SUPPLIED RECORDS »
# # # # #

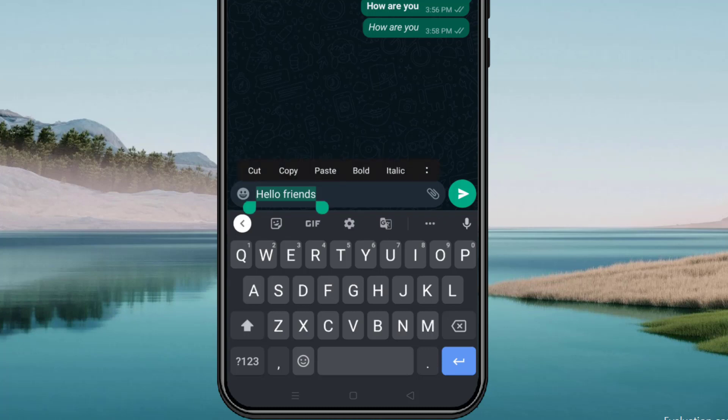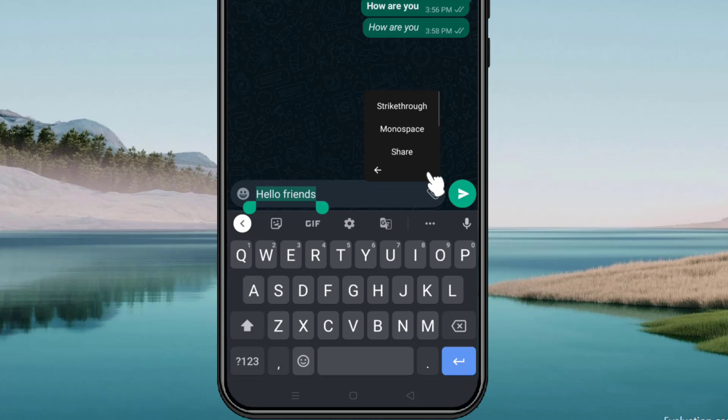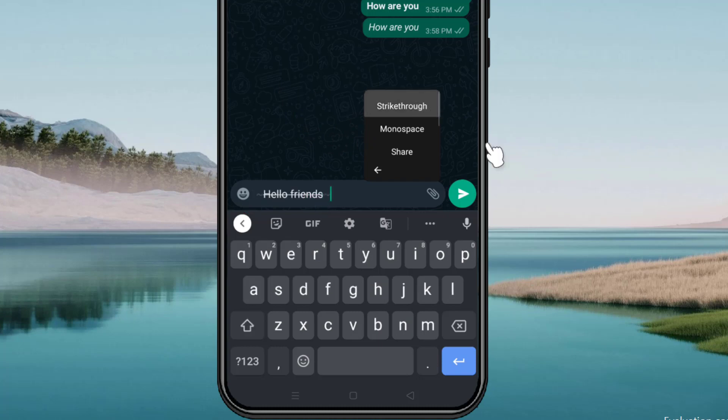Now here you will see these two dots, click on it. Here you have the option strikethrough, so select it. As we can see, now we have a strikethrough on text.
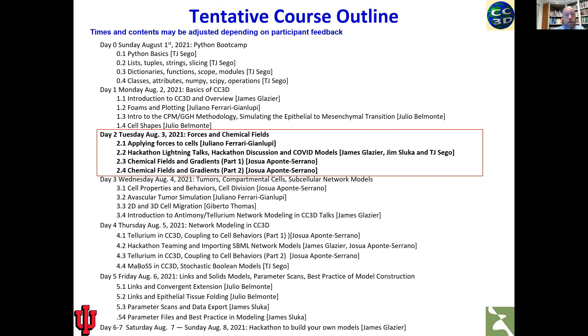If you'd like to see that, we can ask Julio and see if he can prepare a module on it, but that's probably a little bit beyond what we can do in this set of classes.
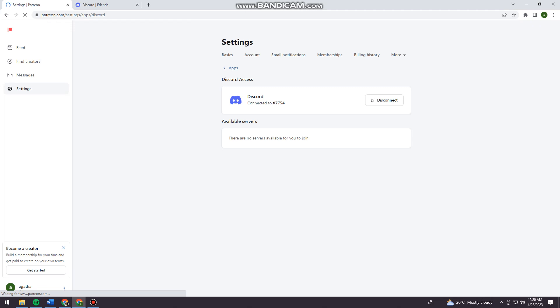Okay, so now Patreon is connected to your Discord account.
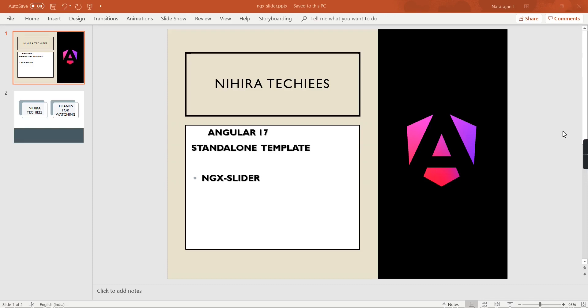Hello friends, welcome to my channel Nihira Techies. In this video let me explore NGX slider. From an implementation point of view, we can use the Angular slider in an application with the standalone template.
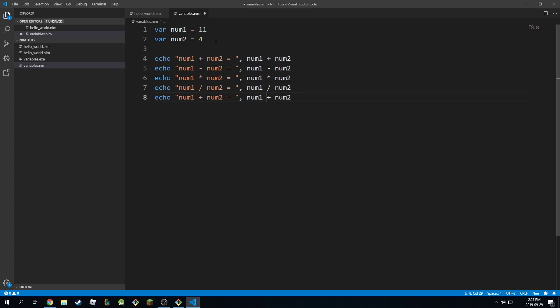On the other hand, there's another operator called div operator, which stands for division. And the way it works is the result produced by the division will still be an integer.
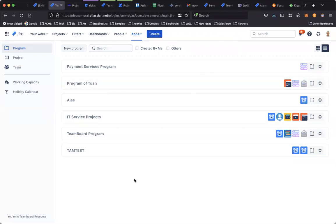Hi, this is Tom from DevSamurai. So today, let me give you a quick demo about the Program Bot feature.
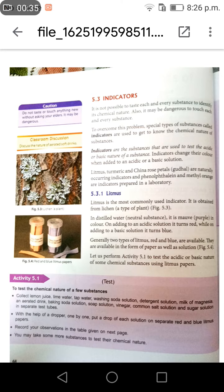Litmus, turmeric, and china rose petals are naturally occurring indicators. Phenolphthalein and methyl orange are indicators prepared in a laboratory.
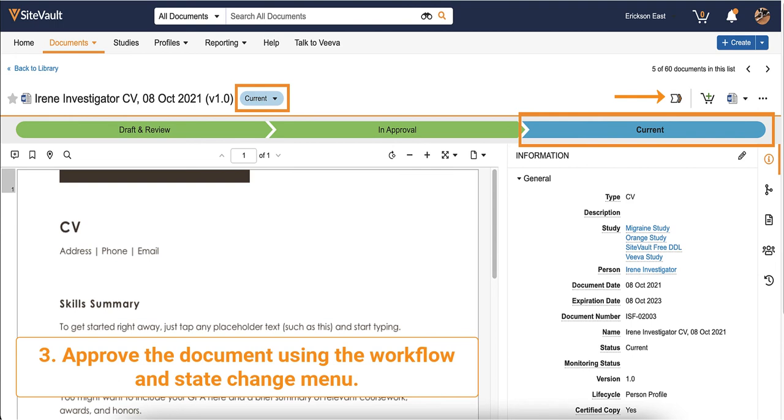As long as the assignment remains active, if the profile document gets revised to a new major version such as version 2.0, subsequent versions will also file to the study.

# # # # #

WHAT TO DO » Quote every record above exactly, leaving out any pictures.

REPLY »
Now here you will see these two dots, click on it. Here you have the option strikethrough, so select it. As we can see, now we have a strikethrough on text.
If you'd like to see that, we can ask Julio and see if he can prepare a module on it, but that's probably a little bit beyond what we can do in this set of classes.
Okay, so now Patreon is connected to your Discord account.
Hello friends, welcome to my channel Nihira Techies. In this video let me explore NGX slider. From an implementation point of view, we can use the Angular slider in an application with the standalone template.
On the other hand, there's another operator called div operator, which stands for division. And the way it works is the result produced by the division will still be an integer.
Hi, this is Tom from DevSamurai. So today, let me give you a quick demo about the Program Bot feature.
Litmus, turmeric, and china rose petals are naturally occurring indicators. Phenolphthalein and methyl orange are indicators prepared in a laboratory.
As long as the assignment remains active, if the profile document gets revised to a new major version such as version 2.0, subsequent versions will also file to the study.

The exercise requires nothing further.